━━━ Supplied information ━━━

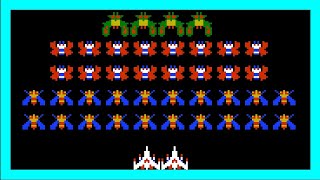 Galaga (Famicom, 1985) — 1P 51-Stage Session · Loop 2 Incomplete — Old Video 🛸🌀🎮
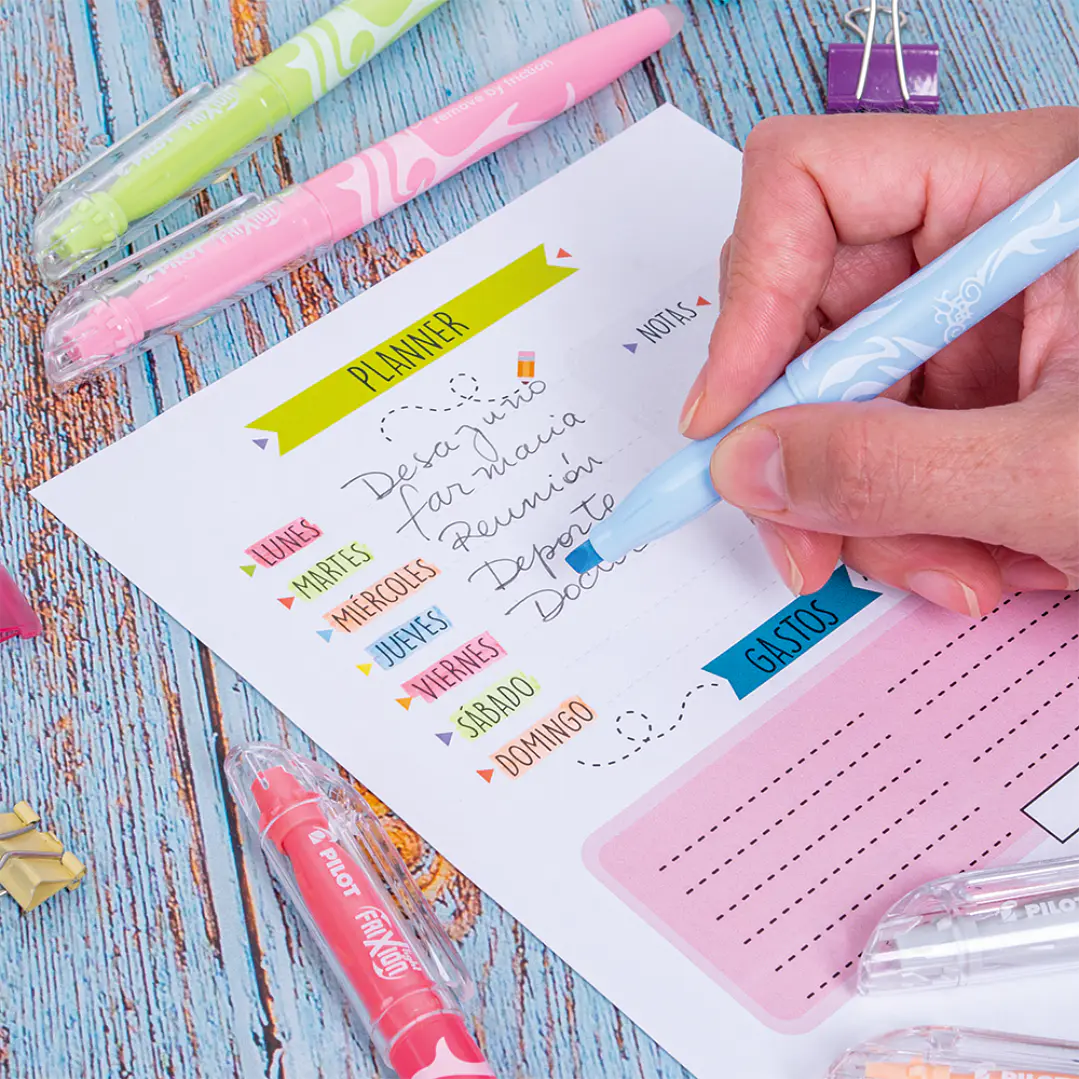 Set Destacadores Frixion Light 6 colores Natural 4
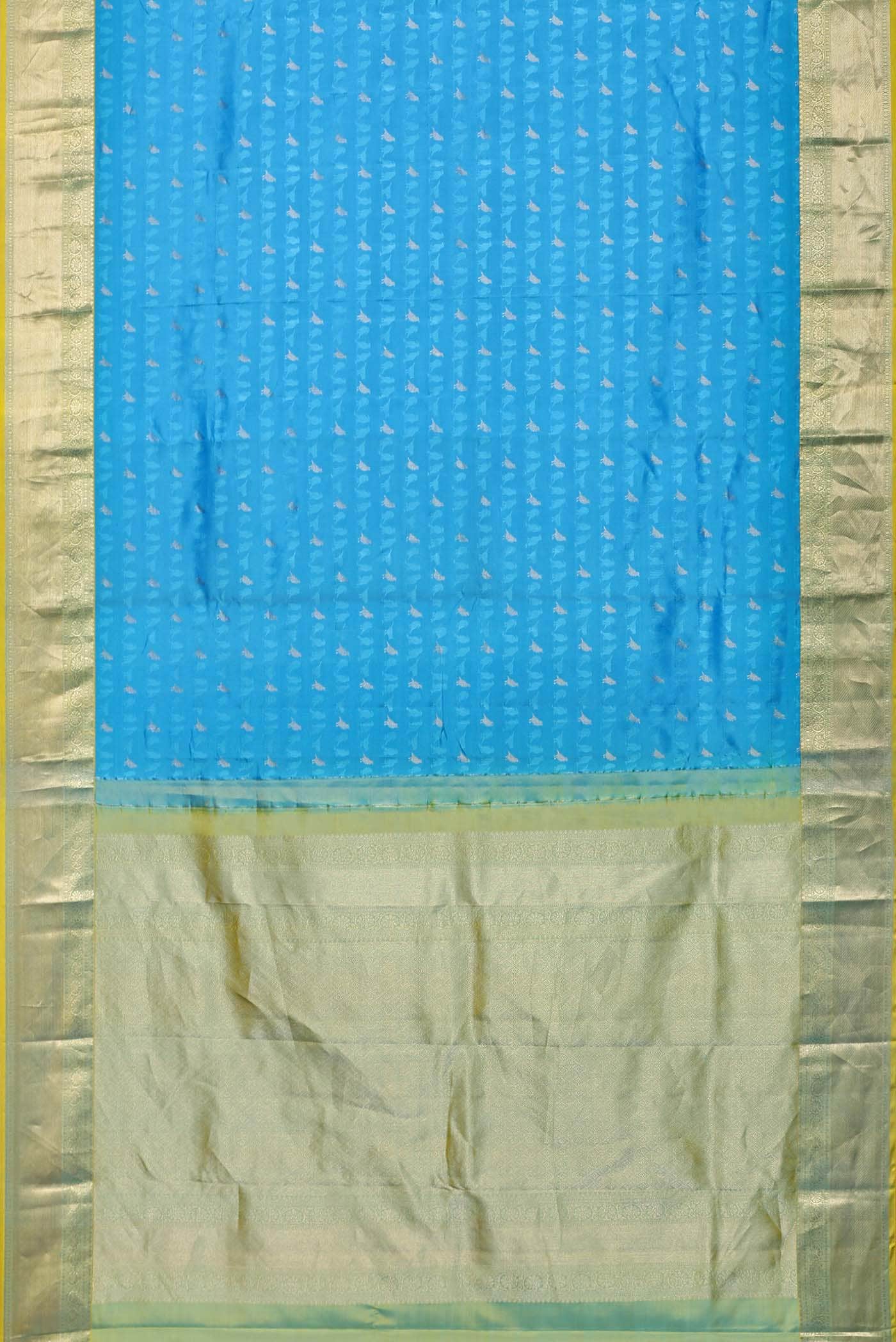 Blue Kanchipuram Silk Saree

━━━

# [What is expected]
Print the whole listing exactly, please, and keep any images out of it.

# [Solution to this task]
 Galaga (Famicom, 1985) — 1P 51-Stage Session · Loop 2 Incomplete — Old Video 🛸🌀🎮
 Set Destacadores Frixion Light 6 colores Natural 4
 Blue Kanchipuram Silk Saree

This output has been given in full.